> _Exercise directions_: Your task is to return the span of lines beginning at the one with "this 1456×819 image." and ending at the last line of the data, exactly as it stands.

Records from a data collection
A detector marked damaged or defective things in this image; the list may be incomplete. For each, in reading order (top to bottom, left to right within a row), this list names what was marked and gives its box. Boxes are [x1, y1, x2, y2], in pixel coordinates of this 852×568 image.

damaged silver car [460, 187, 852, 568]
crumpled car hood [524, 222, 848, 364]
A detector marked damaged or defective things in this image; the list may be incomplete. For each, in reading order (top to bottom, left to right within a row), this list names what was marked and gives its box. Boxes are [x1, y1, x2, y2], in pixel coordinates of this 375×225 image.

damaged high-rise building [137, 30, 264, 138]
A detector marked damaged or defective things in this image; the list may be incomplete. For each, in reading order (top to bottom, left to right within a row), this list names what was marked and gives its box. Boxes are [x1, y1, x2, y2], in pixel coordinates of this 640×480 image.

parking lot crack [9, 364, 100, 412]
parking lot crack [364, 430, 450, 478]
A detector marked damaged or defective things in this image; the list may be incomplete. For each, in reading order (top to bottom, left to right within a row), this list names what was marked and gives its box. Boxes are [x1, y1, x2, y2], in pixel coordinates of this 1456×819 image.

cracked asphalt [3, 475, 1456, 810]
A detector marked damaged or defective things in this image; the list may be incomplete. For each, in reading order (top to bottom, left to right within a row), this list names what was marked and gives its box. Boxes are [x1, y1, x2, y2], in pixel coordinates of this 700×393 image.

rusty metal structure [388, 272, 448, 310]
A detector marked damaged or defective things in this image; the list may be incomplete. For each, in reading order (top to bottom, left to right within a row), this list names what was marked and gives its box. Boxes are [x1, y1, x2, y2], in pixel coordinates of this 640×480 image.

> _Task solution_:
A detector marked damaged or defective things in this image; the list may be incomplete. For each, in reading order (top to bottom, left to right within a row), this list names what was marked and gives its box. Boxes are [x1, y1, x2, y2], in pixel coordinates of this 1456×819 image.

cracked asphalt [3, 475, 1456, 810]
A detector marked damaged or defective things in this image; the list may be incomplete. For each, in reading order (top to bottom, left to right within a row), this list names what was marked and gives its box. Boxes are [x1, y1, x2, y2], in pixel coordinates of this 700×393 image.

rusty metal structure [388, 272, 448, 310]
A detector marked damaged or defective things in this image; the list may be incomplete. For each, in reading order (top to bottom, left to right within a row), this list names what was marked and gives its box. Boxes are [x1, y1, x2, y2], in pixel coordinates of this 640×480 image.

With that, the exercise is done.